Forensic Investigation of the Hadoop Distributed File System in a Simulated Data Breach Scenario
Apache Hadoop is an open source distributed architecture that allows for the storage and processing of large data sets. Distributed file systems (such as Hadoop’s HDFS) play a vital role in the Internet age as data storage demands have increased exponentially in the last decade, however the forensic procedures for data breachs in such environments are currently underdeveloped. Hadoop is designed to store large datasets (typically TB to PBs of data) across multi-node clusters in data centres. Hadoop has become a front runner both for privately run data centres (with giants such as Yahoo! running clusters with ~10,000 data nodes) and through the cloud (with companies such as Cloudera and Amazon’s EC2 offering commercial solutions for SMEs). However, the developments in distributed file systems and cloud computing have left behind digital forensics practices. There is currently no recognised forensic procedure which can be applied to Hadoop, or distributed file systems in general in such data breach scenarios.

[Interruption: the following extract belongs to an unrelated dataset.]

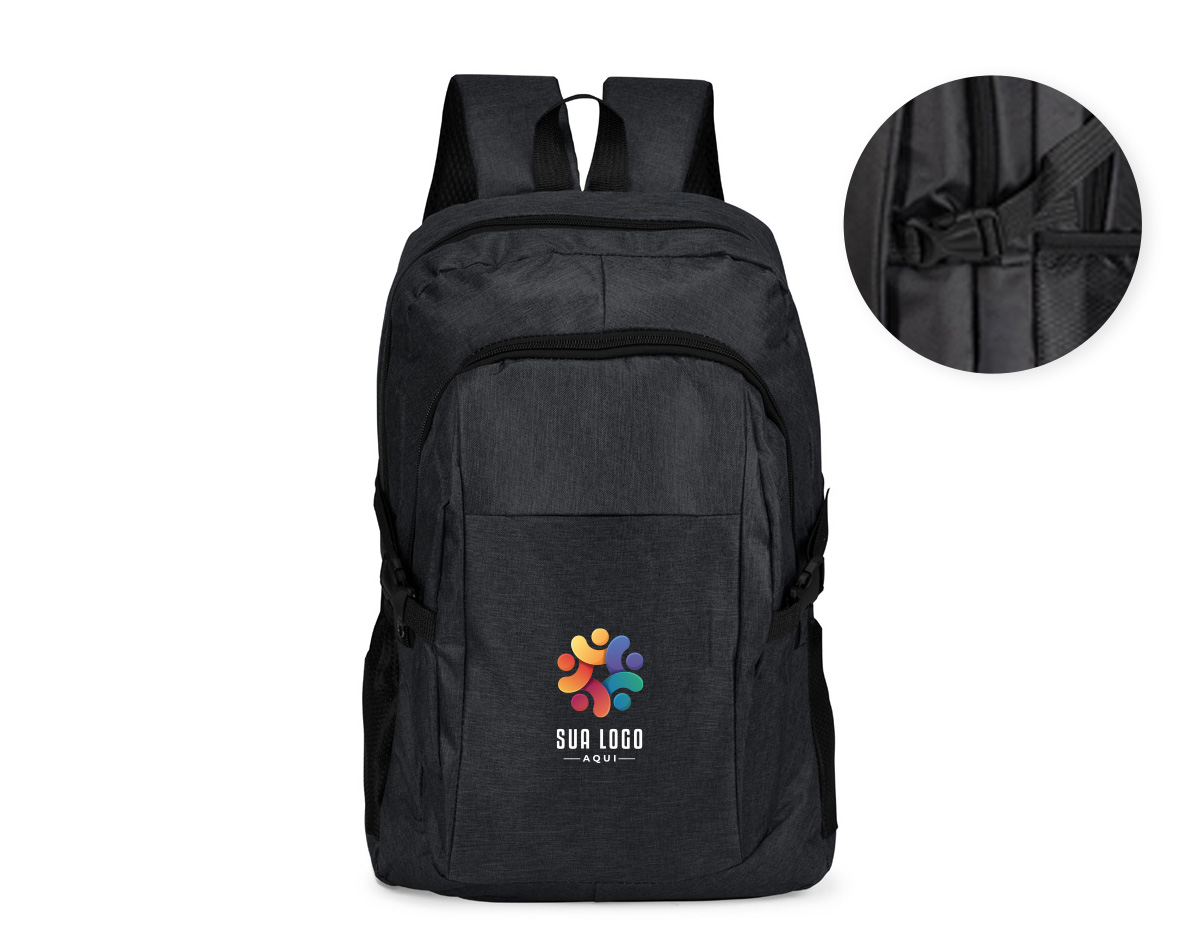 Mochila confeccionada em Oxford 300D resistente à água com capacidade máxima de 14 litros. Possui compartimento principal com divisória para organização de objetos internos e outro, localizado na parte frontal, com três bolsos internos em diferentes tamanhos. Conta ainda com bolsos laterais em tela de malha com elástico, um par de fivelas compressoras, alça superior em nylon e alças para as costas com revestimento externo em tecido respirável.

One of the main roadblocks for a forensic examination of a distributed file system is the potential for multi-tenancy within the cloud (i.e. many company’s data being physically located on the same data node in a cluster.) This leads to legal and ethical constraints as the imaging process involved at the start of an investigation may result in the downtime of data node that leads to a loss of business not just to the affected company, but also those sharing the node. These legal concerns are a key factor and need to be stringently observed when conducting a forensic examination.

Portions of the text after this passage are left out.